*** RECORDS FOR PROCESSING ***
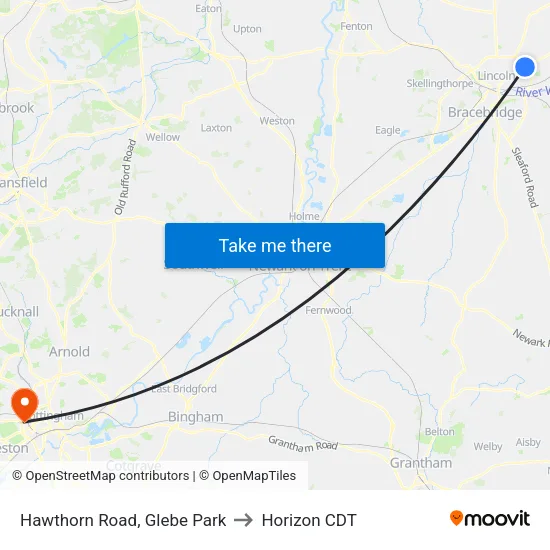Hawthorn Road, Glebe Park to Horizon CDT map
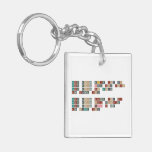 Never gonna give you up
 Never gonna let you down
 Never gonna run around 
 and desert you
 
 Never gonna make you cry
 Never gonna say goodbye
 Never gonna tell a lie
 and hurt you  Acrylic Keychains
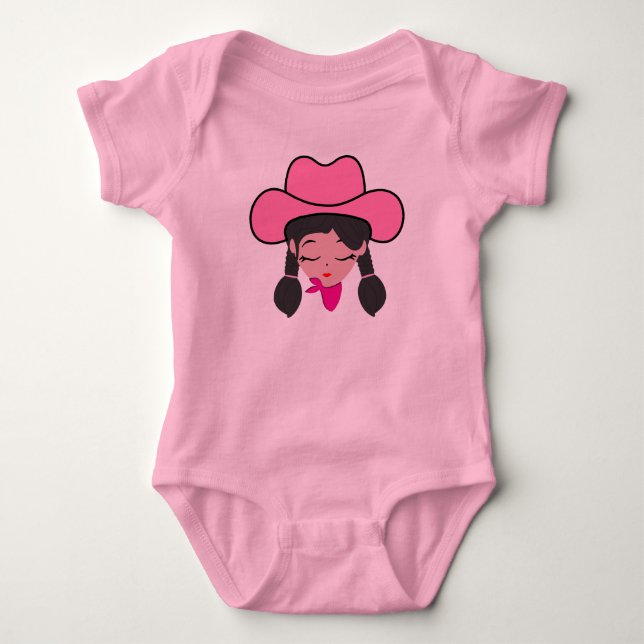 Cute Cowgirl Tee Shirt (Framsida)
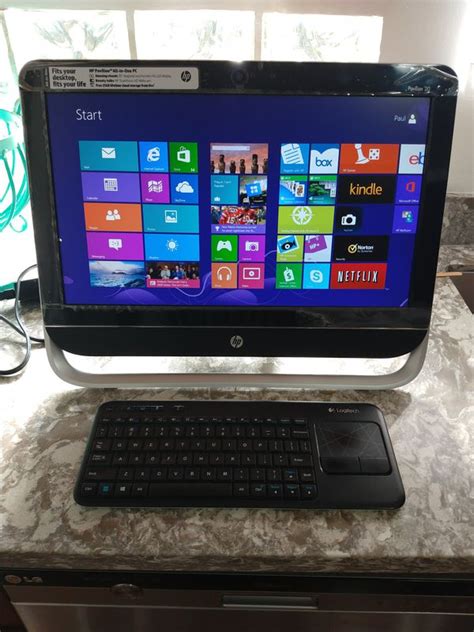 Hp 20 All In One Desktop Computer Touchscreen Hardly Used For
***
◆ **EXERCISE DIRECTIONS**
Please reproduce exactly, and nothing more, the lines from the one containing "Never gonna tell a lie" through the last line of the entries, both included; pictures stay out.

◆ **ANSWER BELOW**
 Never gonna tell a lie
 and hurt you  Acrylic Keychains
 Cute Cowgirl Tee Shirt (Framsida)
 Hp 20 All In One Desktop Computer Touchscreen Hardly Used For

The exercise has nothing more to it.